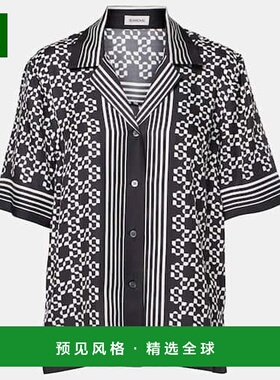 1h可退 香港直邮Simkhai 女士 Koda 印花保龄球衬衫 black黑色 舒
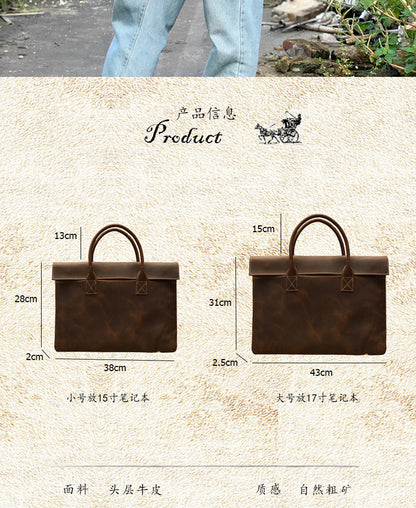 Men's handbag handbag handmade Korean fashion genuine cowhide leather casual business briefcase thin computer bag 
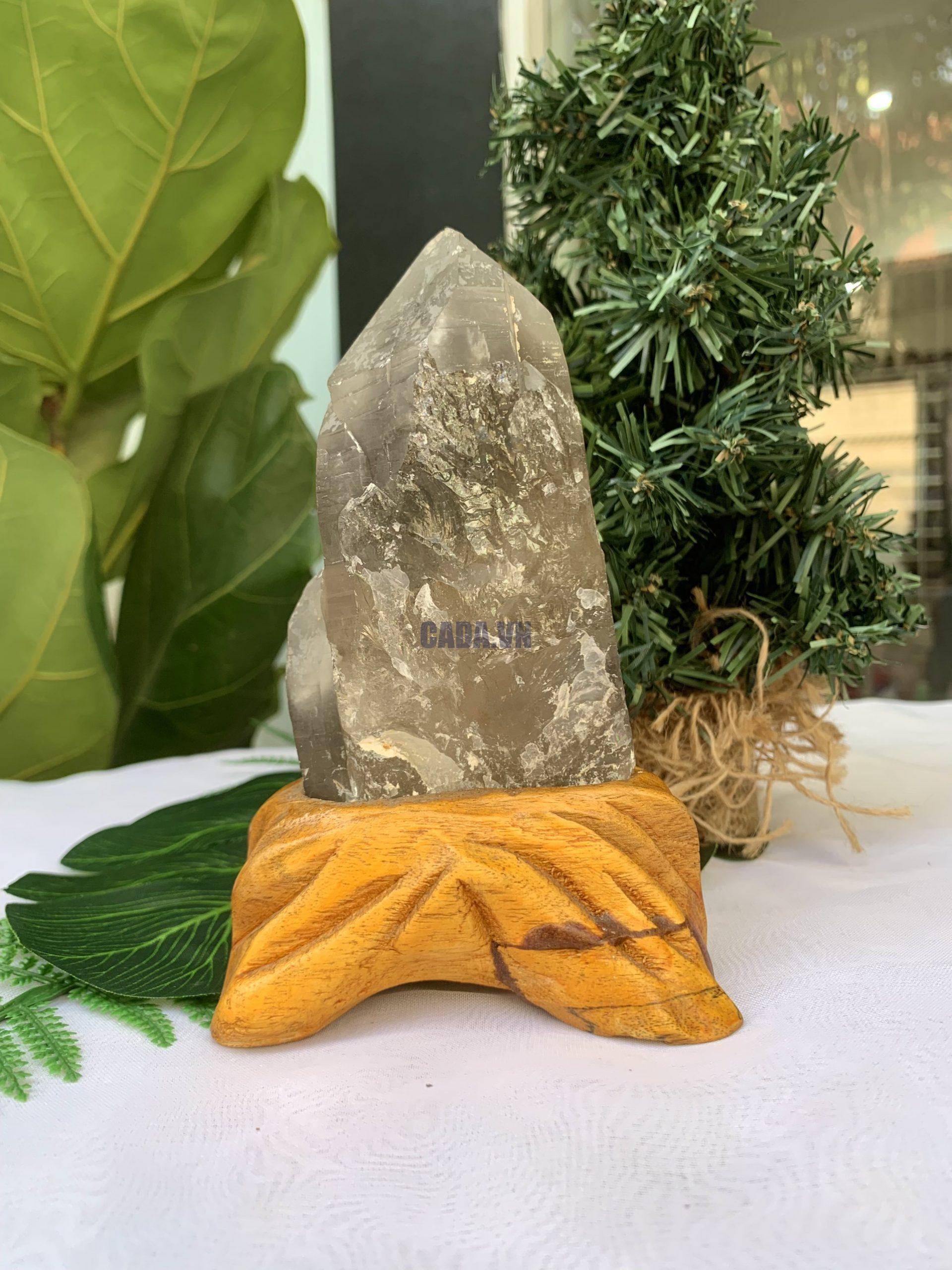 TRỤ THẠCH ANH KHÓI THÔ- RAW SMOKY QUARTZ POINT (TAK03), KL:0.492KG, KT: 16.3x7.2CM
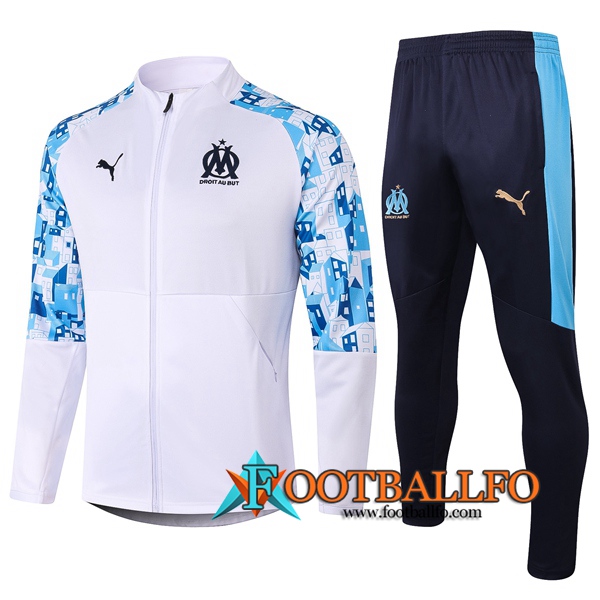 Chandal Futbol - Chaqueta + Pantalones Marsella OM Blanco 2020/2021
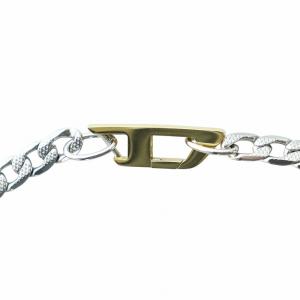 DIESEL コレクションD ネックレス アクセサリー 喜平チェーン Dロゴ ステンレス 箱付き シルバー色 GY18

* Your instructions:
The answer should contain only the lines from the one with "Men's handbag handbag" through the last line of the material, given word for word and without pictures.

* Solution for this problem:
 Men's handbag handbag handmade Korean fashion genuine cowhide leather casual business briefcase thin computer bag 
 TRỤ THẠCH ANH KHÓI THÔ- RAW SMOKY QUARTZ POINT (TAK03), KL:0.492KG, KT: 16.3x7.2CM
 Chandal Futbol - Chaqueta + Pantalones Marsella OM Blanco 2020/2021
 DIESEL コレクションD ネックレス アクセサリー 喜平チェーン Dロゴ ステンレス 箱付き シルバー色 GY18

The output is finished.